The new floor is set to include at least 85 desks.
“It’s going to be a mixture of hiring and moves,” said Lisanti, who moved to Paris this month. “We will be bringing more traders here. The growth will come from trading and all the support functions around those — operations, legal, compliance — all the things that a trading floor needs.”
The expansion in Paris comes as Citigroup and rivals continue to grapple with life after Brexit, which forced Wall Street’s biggest banks to adjust operations to ensure they were trading European assets — from government bonds to interest-rate products to equities — within the 27 countries that remain in the EU.
“London remains the main trading hub for us,” Lisanti said. “But we have and will move certain risk management and risk books in Europe.

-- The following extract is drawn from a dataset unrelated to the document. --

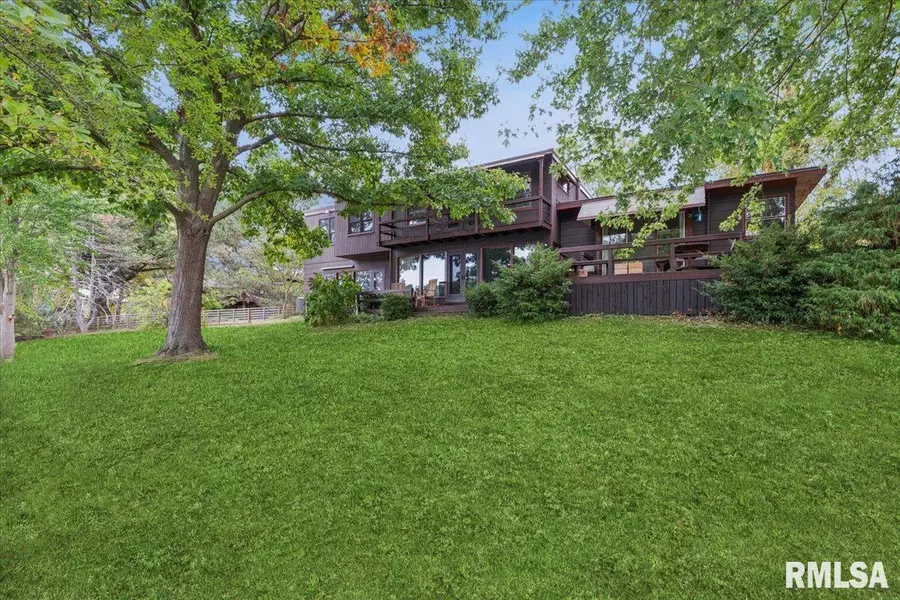 1939 S Lake Storey RD, Galesburg, IL 61401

We’ve already moved quite a few and there’s more to go.”
Citigroup ended last year with about 400 staffers in Paris, up from 170 immediately after Brexit.
Citigroup is just one of dozens of US financial firms that, after decades of using London as a gateway to Europe’s single market, are now opening offices or bolstering existing operations on the continent to keep their access to the bloc.
Paris has emerged as a key destination for banks, as its local traders, trained at the country’s elite universities, also often worked on the structuring of Societe Generale SA’s and BNP Paribas SA’s most complex derivative products.
Goldman Sachs Group Inc has grown from about 170 staff in 2017 to 350 at the end of last year in the country, with further hires expected next year. Morgan Stanley set up a research center to support its trading activities last year, while JPMorgan Chase & Co, whose Paris headquarters was a relative backwater with 250 staff until Brexit, boosted its local headcount to 800 at the end of last year and expanded its office footprint with a new modern extension.